Equation for a material's dielectric constant given its atomic polarizability

In electromagnetism, the Clausius–Mossotti relation, named for O. F. Mossotti and Rudolf Clausius, expresses the dielectric constant (relative permittivity ε_{r}) of a material in terms of the atomic polarizability α of the material's constituent atoms and/or molecules, or a homogeneous mixture thereof. It is equivalent to the , which relates the refractive index (rather than the dielectric constant) of a substance to its polarizability. It may be expressed in SI units as
$$\frac{\varepsilon_\text{r} - 1}{\varepsilon_\text{r} + 2} = \frac{N \alpha}{3\varepsilon_0},$$
where
 $\varepsilon_\text{r} = \varepsilon/\varepsilon_0$ is the dielectric constant of the material, which for non-magnetic materials is equal to n^{2}, where n is the refractive index;
 ε_{0} is the permittivity of free space;
 N is the number density of the molecules (m^{−3});
 α is the molecular polarizability (C·m^{2}/V).

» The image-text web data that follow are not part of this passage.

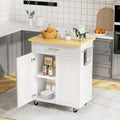 Rolling White Kitchen Island Cart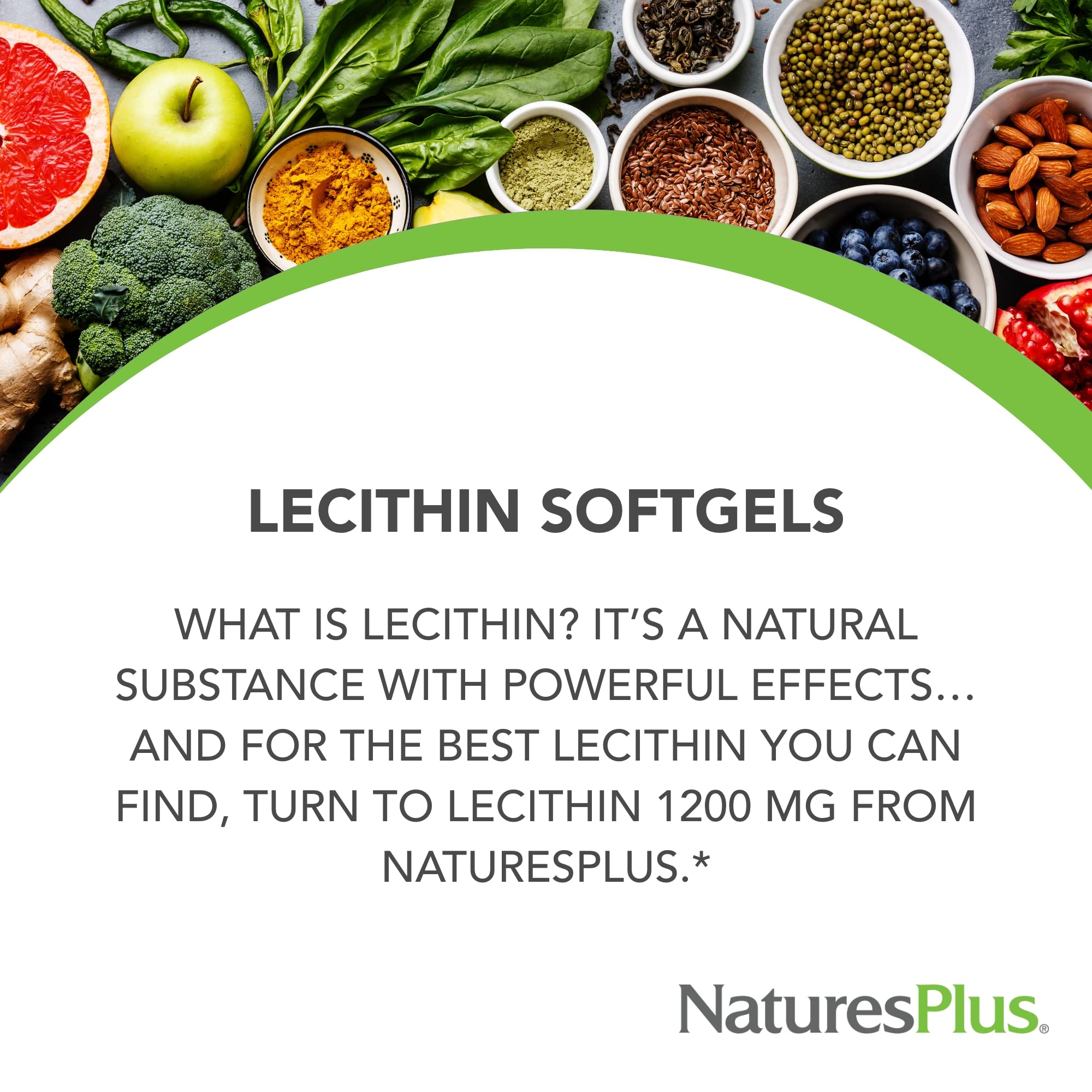 Étiquette NaturesPlus Lecithine sans gluten et ingrédients clés.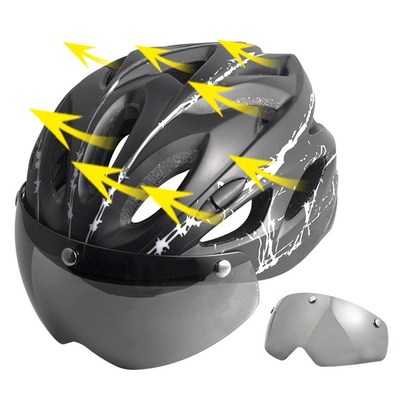 2020New Black Goggles Bicycle Helmet Ultralight Pattern Bike
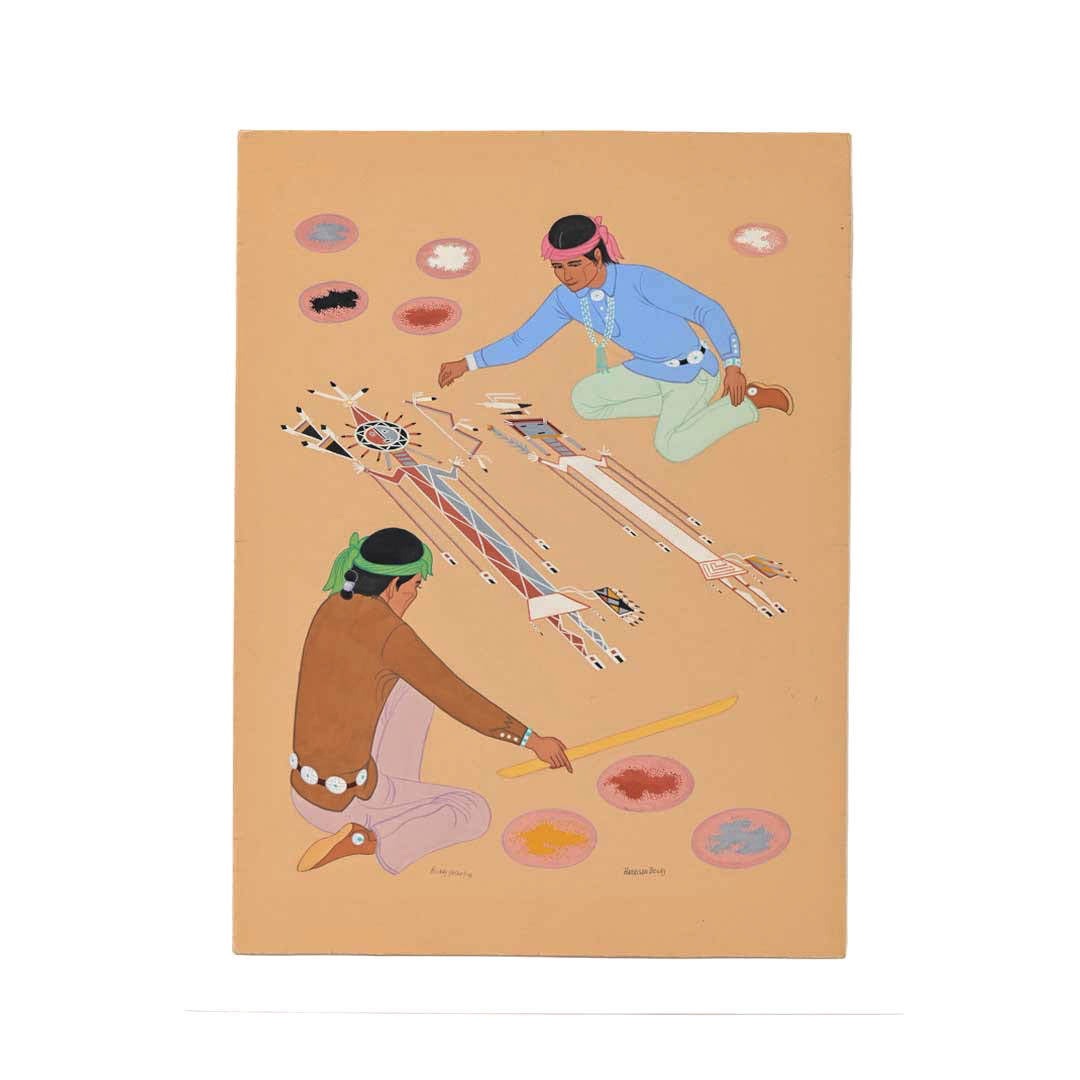 "Medicine Men Preparing a Sandpainting"
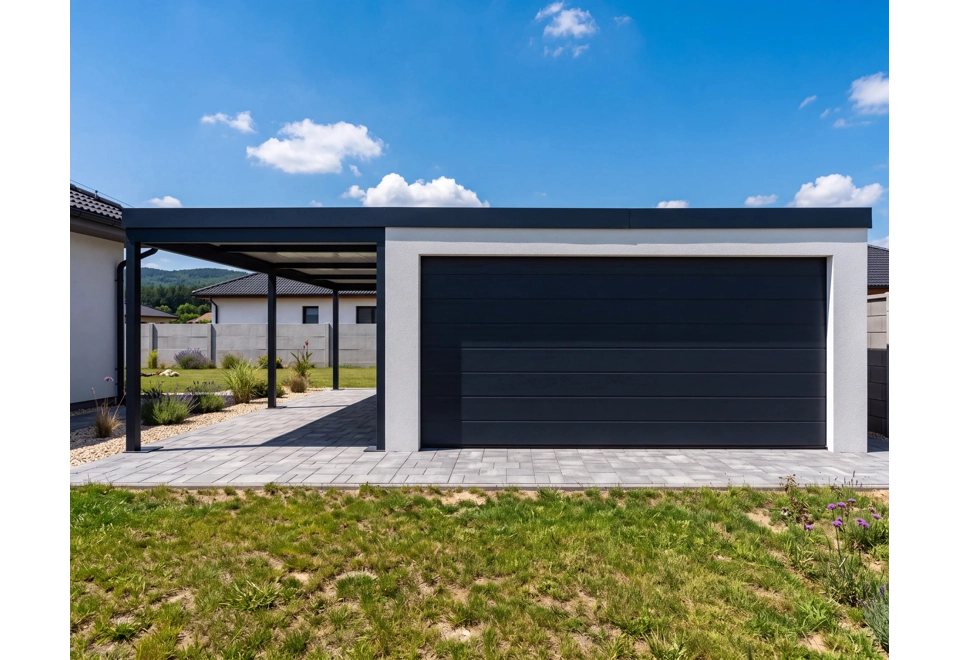 Garden house with Hormann safety garage door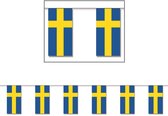 Papieren slinger Zweden - 4 meter - Sweden vlag - Supporter feestartikelen - Landen decoratie/versiering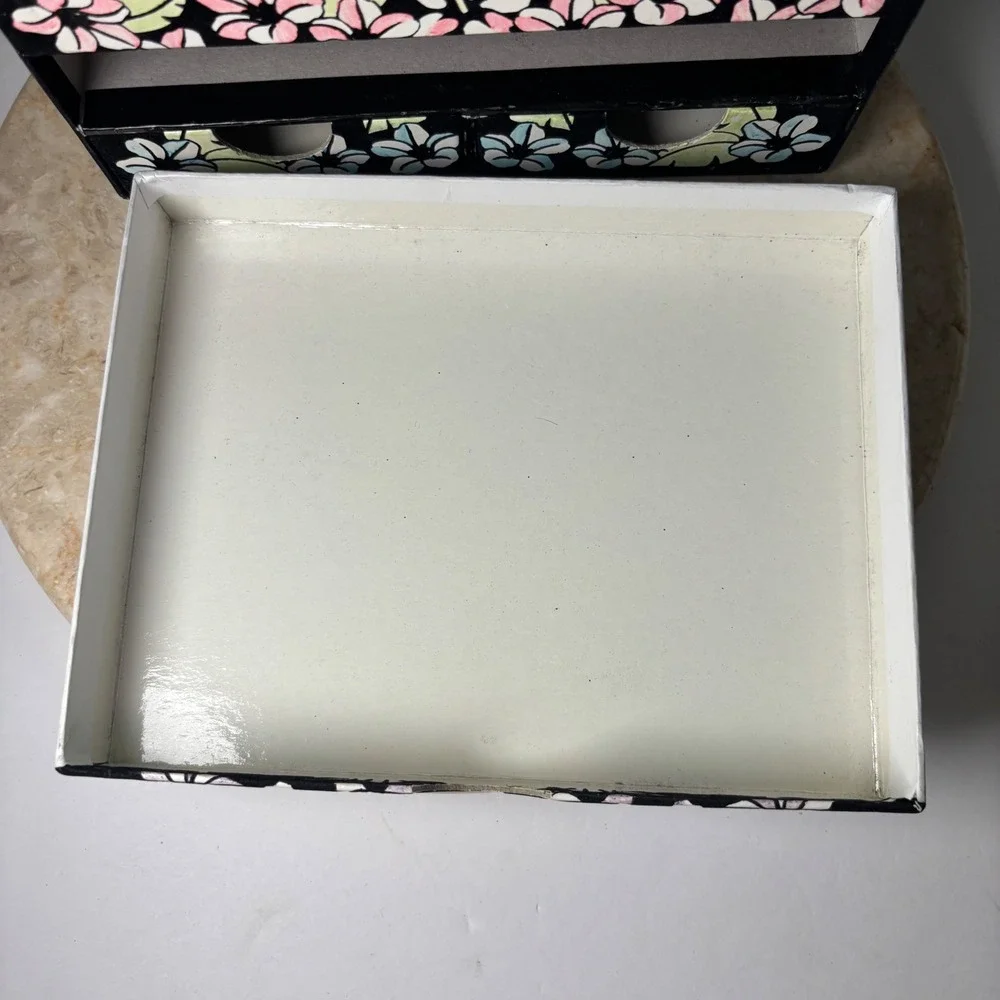 Lisa‎ Frank Hunter the Leopard Jewelry Box Small Black Tropical Floral Drawers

In the case that the material consists of a mixture of two or more species, the right side of the above equation would consist of the sum of the molecular polarizability contribution from each species, indexed by i in the following form:
$$\frac{\varepsilon_\text{r} - 1}{\varepsilon_\text{r} + 2} = \sum_i \frac{N_i \alpha_i}{3\varepsilon_0}.$$

In the CGS system of units the Clausius–Mossotti relation is typically rewritten to show the molecular polarizability volume $\alpha' = \frac{\alpha}{4\pi\varepsilon_0},$ which has units of volume (cm^{3}). Confusion may arise from the practice of using the shorter name "molecular polarizability" for both $\alpha$ and $\alpha'$ within literature intended for the respective unit system.

The Clausius–Mossotti relation assumes only an induced dipole relevant to its polarizability and is thus inapplicable for substances with a significant permanent dipole. It is applicable to gases such as N2, CO2, CH4 and H2 at sufficiently low densities and pressures. For example, the Clausius–Mossotti relation is accurate for N_{2} gas up to 1000 atm between 25 °C and 125 °C. Moreover, the Clausius–Mossotti relation may be applicable to substances if the applied electric field is at a sufficiently high frequencies such that any permanent dipole modes are inactive.

==Lorentz–Lorenz equation==
The Lorentz–Lorenz equation is similar to the Clausius–Mossotti relation, except that it relates the refractive index (rather than the dielectric constant) of a substance to its polarizability. The Lorentz–Lorenz equation is named after the Danish mathematician and scientist Ludvig Lorenz, who published it in 1869, and the Dutch physicist Hendrik Lorentz, who discovered it independently in 1878.

The most general form of the Lorentz–Lorenz equation is (in Gaussian-CGS units)
$$\frac{n^2 - 1}{n^2 + 2} = \frac{4 \pi}{3} N \alpha_\text{m},$$
where n is the refractive index, N is the number of molecules per unit volume, and $\alpha_\text{m}$ is the mean polarizability.
This equation is approximately valid for homogeneous solids, as well as liquids and gases.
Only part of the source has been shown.